Navigating the New OpenAI Update
Should you jump to use OpenAI's Knowledge Retrieval & Assistants APIs?
OpenAI recently unveiled big updates to their API. A number of folks have asked me about the practical implications of these changes, especially when it comes to managing dialogues with the OpenAI Assistants API and using the OpenAI’s Knowledge Retrieval capabilities for content extraction.
A common question I’ve encountered is “Should my business integrate these enhanced capabilities directly, or should we invest in developing a custom solution tailored to our specific needs ?”
OpenAI Assistants
To quickly build a simple chat interface, the Assistants API is your go-to. But if you're crafting something that needs to stitch conversations over time or delve deep into user interactions, you might need to look beyond.
Pros:
Simplicity: The OpenAI Assistants API reduces the complexity significantly. There's no need to store conversation data – just session IDs. Plus, scalability and maintenance? OpenAI's got that covered.
Privacy and Security: Since the conversation history evaporates after the session, privacy concerns take a back seat. But remember, if you're storing other data (which you likely will anyway), compliance still knocks on your door.

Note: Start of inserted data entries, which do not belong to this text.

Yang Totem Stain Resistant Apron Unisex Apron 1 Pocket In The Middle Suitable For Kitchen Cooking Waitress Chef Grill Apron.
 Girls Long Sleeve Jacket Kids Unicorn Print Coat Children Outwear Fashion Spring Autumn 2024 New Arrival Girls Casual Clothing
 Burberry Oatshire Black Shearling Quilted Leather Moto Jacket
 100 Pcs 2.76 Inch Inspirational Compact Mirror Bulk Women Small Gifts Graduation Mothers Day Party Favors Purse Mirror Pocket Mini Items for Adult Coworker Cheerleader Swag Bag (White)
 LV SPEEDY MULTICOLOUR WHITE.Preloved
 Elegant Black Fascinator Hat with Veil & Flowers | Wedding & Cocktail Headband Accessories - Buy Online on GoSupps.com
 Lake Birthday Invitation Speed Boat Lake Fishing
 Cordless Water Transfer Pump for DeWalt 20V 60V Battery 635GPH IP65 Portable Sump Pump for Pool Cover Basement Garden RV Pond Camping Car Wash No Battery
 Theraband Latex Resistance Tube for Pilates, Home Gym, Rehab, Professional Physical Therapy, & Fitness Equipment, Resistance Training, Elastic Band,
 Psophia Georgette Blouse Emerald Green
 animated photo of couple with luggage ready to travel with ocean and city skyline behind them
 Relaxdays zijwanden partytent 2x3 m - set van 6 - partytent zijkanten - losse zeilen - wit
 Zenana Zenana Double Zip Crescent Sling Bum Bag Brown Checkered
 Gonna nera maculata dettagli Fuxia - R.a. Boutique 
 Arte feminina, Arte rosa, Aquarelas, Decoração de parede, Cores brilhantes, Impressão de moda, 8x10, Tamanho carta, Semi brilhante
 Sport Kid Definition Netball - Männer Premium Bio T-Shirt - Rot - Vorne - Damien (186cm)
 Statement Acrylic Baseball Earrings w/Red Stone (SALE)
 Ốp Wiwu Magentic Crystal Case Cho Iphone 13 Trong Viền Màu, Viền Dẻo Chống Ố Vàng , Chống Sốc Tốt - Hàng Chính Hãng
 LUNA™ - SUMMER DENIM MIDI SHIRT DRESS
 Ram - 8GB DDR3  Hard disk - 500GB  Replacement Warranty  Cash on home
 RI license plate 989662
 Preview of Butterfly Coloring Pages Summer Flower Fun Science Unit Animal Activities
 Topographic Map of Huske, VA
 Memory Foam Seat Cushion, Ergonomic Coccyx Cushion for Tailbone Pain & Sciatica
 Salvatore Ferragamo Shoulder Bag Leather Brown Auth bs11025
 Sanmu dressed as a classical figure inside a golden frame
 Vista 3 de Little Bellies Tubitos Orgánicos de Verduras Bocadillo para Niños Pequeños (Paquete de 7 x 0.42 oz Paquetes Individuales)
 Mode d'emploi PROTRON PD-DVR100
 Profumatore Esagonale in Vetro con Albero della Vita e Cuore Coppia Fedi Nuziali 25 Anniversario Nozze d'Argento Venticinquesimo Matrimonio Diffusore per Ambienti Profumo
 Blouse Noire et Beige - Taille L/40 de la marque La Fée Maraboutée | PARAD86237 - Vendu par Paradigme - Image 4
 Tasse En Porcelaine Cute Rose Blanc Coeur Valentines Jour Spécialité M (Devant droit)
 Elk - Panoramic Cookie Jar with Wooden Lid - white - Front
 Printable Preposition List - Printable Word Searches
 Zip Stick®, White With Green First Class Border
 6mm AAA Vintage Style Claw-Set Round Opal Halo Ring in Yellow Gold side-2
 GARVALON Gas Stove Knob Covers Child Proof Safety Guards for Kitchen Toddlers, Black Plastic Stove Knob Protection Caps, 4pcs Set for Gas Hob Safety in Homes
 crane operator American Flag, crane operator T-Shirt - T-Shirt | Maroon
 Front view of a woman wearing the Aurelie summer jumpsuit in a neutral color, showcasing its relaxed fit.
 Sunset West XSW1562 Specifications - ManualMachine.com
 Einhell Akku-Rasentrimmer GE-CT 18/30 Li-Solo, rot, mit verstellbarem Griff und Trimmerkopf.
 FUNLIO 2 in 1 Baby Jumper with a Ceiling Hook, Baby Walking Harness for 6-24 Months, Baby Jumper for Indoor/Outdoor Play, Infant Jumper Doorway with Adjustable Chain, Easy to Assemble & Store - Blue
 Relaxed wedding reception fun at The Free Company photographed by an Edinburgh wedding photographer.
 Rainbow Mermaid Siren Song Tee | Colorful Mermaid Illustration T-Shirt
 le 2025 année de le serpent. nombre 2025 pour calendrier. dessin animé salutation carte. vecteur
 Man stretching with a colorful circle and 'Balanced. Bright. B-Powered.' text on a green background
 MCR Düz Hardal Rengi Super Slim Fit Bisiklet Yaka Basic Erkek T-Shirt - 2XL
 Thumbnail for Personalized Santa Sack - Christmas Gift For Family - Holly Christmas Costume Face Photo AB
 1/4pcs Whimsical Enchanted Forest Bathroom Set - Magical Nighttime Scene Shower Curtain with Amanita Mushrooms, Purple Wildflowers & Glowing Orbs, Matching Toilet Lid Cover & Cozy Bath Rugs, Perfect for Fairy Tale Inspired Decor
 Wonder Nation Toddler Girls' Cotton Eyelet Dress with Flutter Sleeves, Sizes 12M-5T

Deep functionality, out-of-the-box: With tools like Knowledge Retrieval, Code Interpreter, and Function Calling integrated into the API, you're not only handling conversations but also enriching them with a deeper level of interaction and information retrieval.
Cons:
Limited control over context: You can’t cherry-pick which part of the conversation to focus on.
The API decides for you, potentially skipping over crucial early messages.
If the conversation is too long, OpenAI will naively throw out older messages in favor of newer ones.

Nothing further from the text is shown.